The Two Questions MEP Firms Should Ask Before Buying Any AI Tool

Every MEP firm is being pitched AI right now. Plugin vendors, consultancies, productivity tools, even the firms across the street are claiming they've found the AI workflow that's going to change everything. Most of those pitches fall apart under two simple questions. If a vendor can't answer both of them clearly, the tool isn't ready, and neither is the firm that buys it.

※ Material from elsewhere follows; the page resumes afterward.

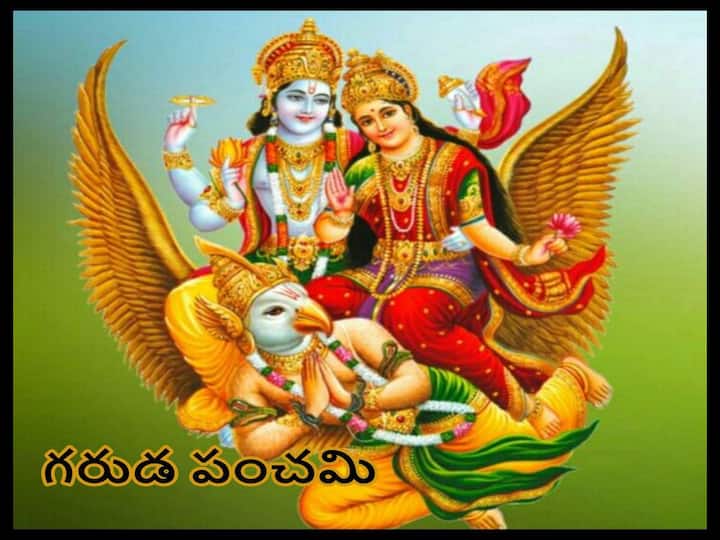 Significance and  Importance of Garuda Panchami Puja and Vrat , know in details Garuda Panchami 2022:  ఆగస్టు 2 గరుడ పంచమి, గరుత్మంతుడు పాముల్ని శత్రువులుగా చూస్తాడెందుకు!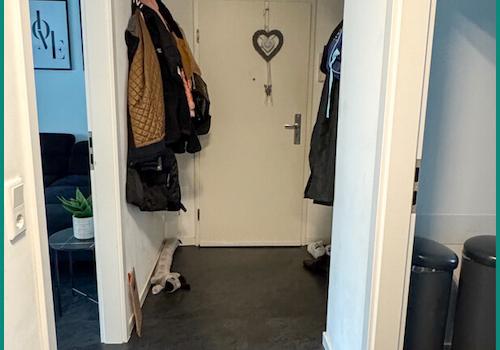 ...Flurbereiche mit Wohnungseingang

The first question is about where the data goes. AI tools work by sending some piece of your work to a model, and the model sends an answer back. The interesting question is what happens to the work in between. The cheap, fast, and dangerous version of this is when the vendor's model provider uses every prompt that passes through it to improve the model itself. That means a detail from your project, a specification from your spec book, an email from a client, or a CAD note from a junior engineer becomes training data for a model that competitors, vendors, and the general public will eventually query. Most consumer AI products work this way by default. Most enterprise tools claim they don't, but the only way to verify it is to read the actual contract and the underlying model provider's data-handling commitments. If the vendor is opaque about this, or routes through a free-tier API, the answer is almost certainly that your data is part of the model. For a firm whose competitive advantage is the depth of its detail library and the institutional knowledge embedded in past projects, this is a quiet but real form of leaking IP.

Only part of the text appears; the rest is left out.